Treść książki podzieliłybyśmy na dwie grupy, taką dla arcyfanów artystki i taką, dla tych, którzy się mniej na jej twórczości znają. Niestety musimy przyznać,że książkę ciężko nam się czytało. Jako średnio zaawansowane fanki, często miałyśmy kłopot ze zrozumieniem treści. Początkowo nawet nie mogłyśmy przebrnąć przez pierwsze strony, a to nie ułatwiało sprawy w dalszym czytaniu. Jak dla nas książka trochę za bardzo była doprecyzowana, tak jakby każdy kto ją czyta musiał znać już jej twórczość.

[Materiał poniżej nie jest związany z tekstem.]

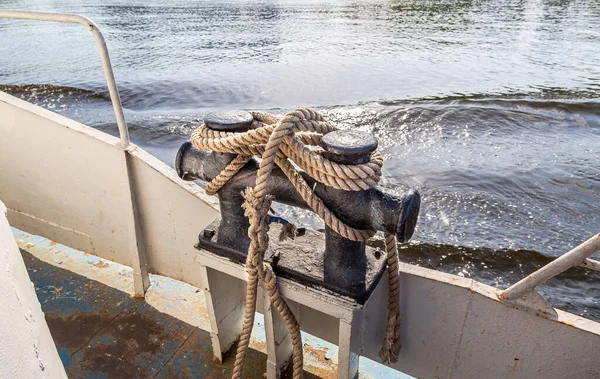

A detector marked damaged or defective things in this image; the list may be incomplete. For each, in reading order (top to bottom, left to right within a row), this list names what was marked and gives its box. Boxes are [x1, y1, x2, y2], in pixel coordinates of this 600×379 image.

Co nam się podobało. To zagłębianie się w poszczególne utwory Taylor i ukazanie ich drugiego znaczenia. Autorka według nas bardzo się na tym skoncentrowała i był to dosyć fajny zabieg. Ponadto pokazanie jest neutralnego wydźwięku, bez podawania żadnych znaczących nazwisk, które wpłynęły na karierę piosenkarki, trzeba się ich domyślić trochę. Trzecią rzeczą na plus są ciekawostki, które podaje pani Satu, jest ich dosyć wiele i my ze swojego punktu widzenia, a raczej z informacji, które dotychczas posiadałyśmy,dowiedziałyśmy się wiele nowych i interesujących rzeczy. Podobało nam się również w jaki sposób została przedstawiona sama kariera Swift, jej początki, podpisywanie kontraktów, jak również późniejszy podział poszczególnych rozdziałów na albumy i utwory. Zabrakło nam trochę jakiejś głębszej analizy jej życia, takiego wprowadzenia do całego tego uniwersum i tu się właśnie trochę zawiodłyśmy, bo uwierzcie nie wiemy dużo o samym życiu Taylor.
Musimy przyznać, że język książki był średni, no ciężko nam się czytało, tak samo jak ciężko nam się tę książkę trzymało. Aż bolała nas ręka. No, ale czego się nie robi, dla takiego ślicznego wydania. Bo książka prezentuje się znakomicie. Prześliczne barwione brzegi i ta grafika. Ten przewodnik powinniście przeczytać właśnie dla tych obrazków. Cudo.
Jeżeli, więc jesteście fankami, które uwielbiają Taylor i jej karierę to książka dla was.